Kiddush Hashem: Half of All US Plasma Donors are Orthodox Jews
New York’s Orthodox Jews comprise half of all US plasma donors volunteering to donate blood to help coronavirus patients recover, the Daily Mail quoted a medical expert as saying.
The Mayo Clinic’s Dr. Michael Joyner told the New York Times that over 5,000 recovered coronavirus patients around the US have donated plasma to help other patients, but “by far the largest group is our Orthodox friends in New York City.”
He added, “I would be shocked if they were less than half the total.”
According to the Times, since April 4 over 12,000 of New York’s Orthodox Jews have signed up to one of several community programs to donate plasma, and organizers expect the number to reach 30,000 in the near future.
Dr. Shmuel Shoham, who is leading a study on plasma as a preventive treatment for those exposed to COVID-19 at John Hopkins University, told the Times that the Orthodox community are “punching way above their weight” when it comes to donating plasma. “The community has taken a tragedy and turned it into a superpower.”
Avrohom Weinstock, who organized a drive through Agudath Israel, told the Times that rabbis have allowed their communities to drive to blood banks on Shabbat (the Sabbath, when Jewish law forbids driving), if that is the only available appointment time, so that as many lives as possible can be saved.
Traditionally, Judaism has placed supreme importance on the value of lives and saving lives, allowing almost any commandment to be transgressed if the transgression will save a life.
From a moral and religious perspective, we have every obligation to do whatever we can,” Weinstock explained. “If we find out later it saved 50 lives or 100 lives or 20 lives, whatever the case is, if it’s 20 lives, it’s worth every effort, every minute of it.”
“I think that it comes from our education and the way we’re raised, the idea of kindness, or chesed, as being one of the foundations of what the world is built on and how it is sustained.”
The Times also noted that New York’s blood banks can no longer keep up with the demand, so many wanting to donate blood travel to Delaware and Philadelphia to donate.
Mordy Serle, an Orthodox Jewish lawyer, was one of them, traveling from Brooklyn to Pennsylvania last month to donate blood.

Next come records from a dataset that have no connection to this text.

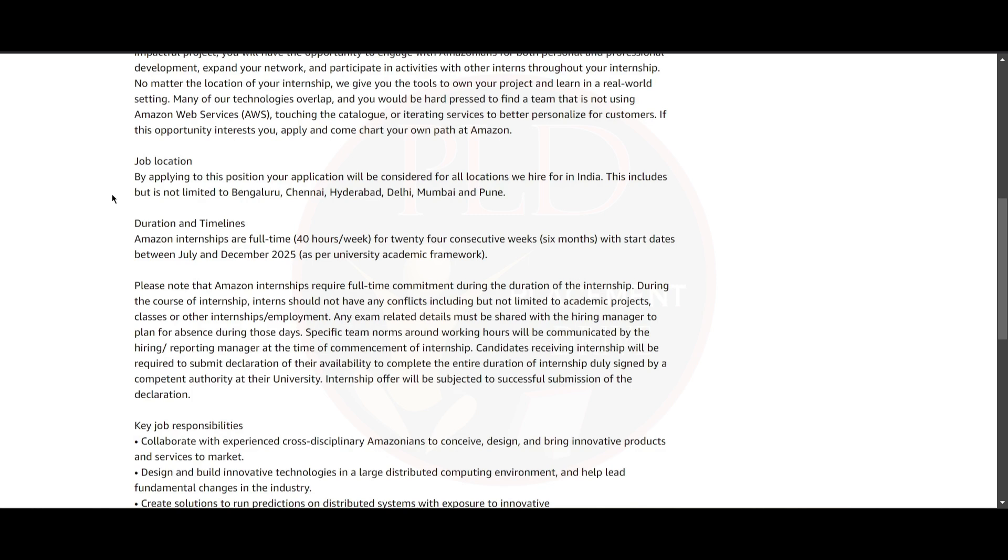This includes but is not limited to Bangalore, Chennai, Hyderabad, Delhi, Mumbai, and Pune. Now let's see the duration and timeline for this internship. The Amazon internships are full-time and you need to work 40 hours per week for 24 consecutive weeks, that is six months.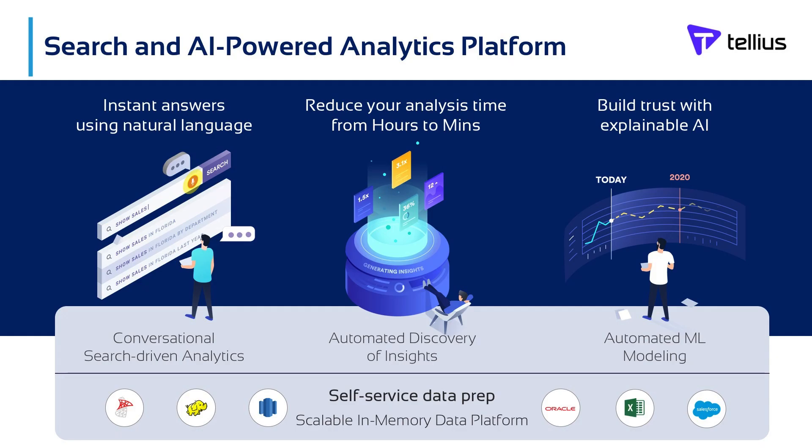Tellius is a search and AI-powered analytics platform that makes data accessible to everyone in the enterprise so people can have conversations with their data and surface answers in the most natural way. As a unified platform, Tellius goes beyond dashboards found in traditional visualization tools with conversational, search-driven analytics, so people can simply ask questions and receive answers in natural language. Think of it as Google for your business data.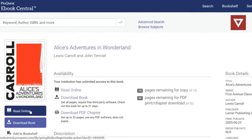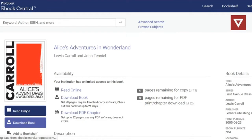We do not recommend using the Download Book feature, as you will only have the book checked out to you for a couple of weeks. But once you're in the book, you can see the Table of Contents, search for a particular phrase, or even download chapters of some books for printing.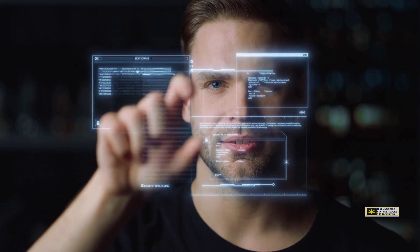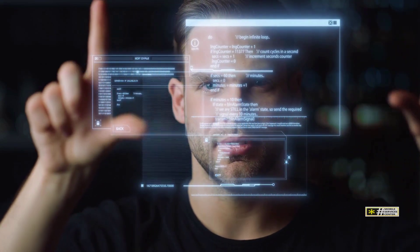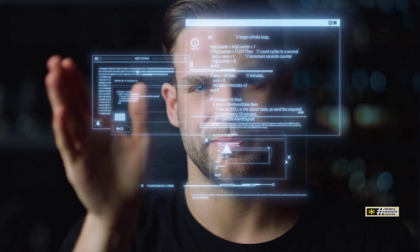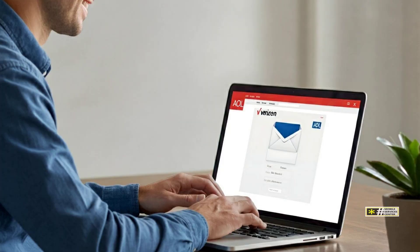Hey, Tech Explorers, and welcome back to Mobile Service Center. Today we're tackling a common issue for many Verizon users: accessing your Verizon email through AOL.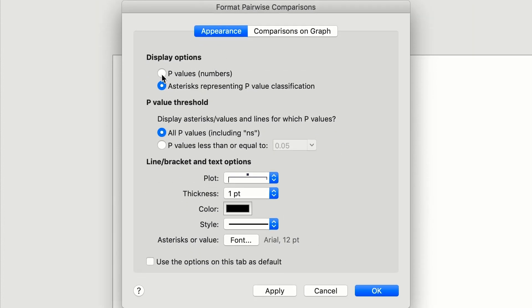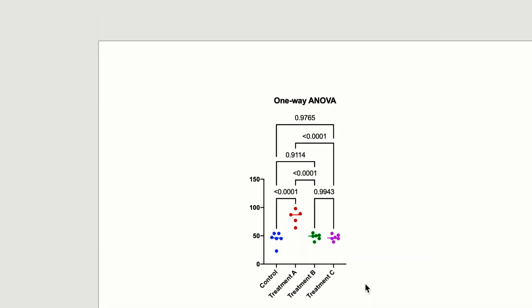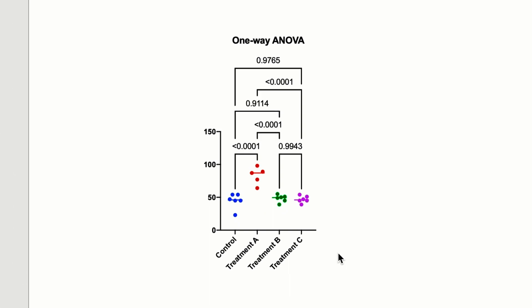Or choose to display p-values instead of asterisks. And note, if you make adjustments to the data or analysis, the results displayed on the graph will update automatically.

He has also helped organized donations.
“There were probably never so many Hasidim in Bethlehem, Pennsylvania, in the history of the world, and here they’re riding in literally to save lives,” Serle told the Times. “We look at it as a gift that we recovered, because many people in our community did not recover. And for us a gift is not something to sit back and enjoy and just talk about, it is a gift we have to use.”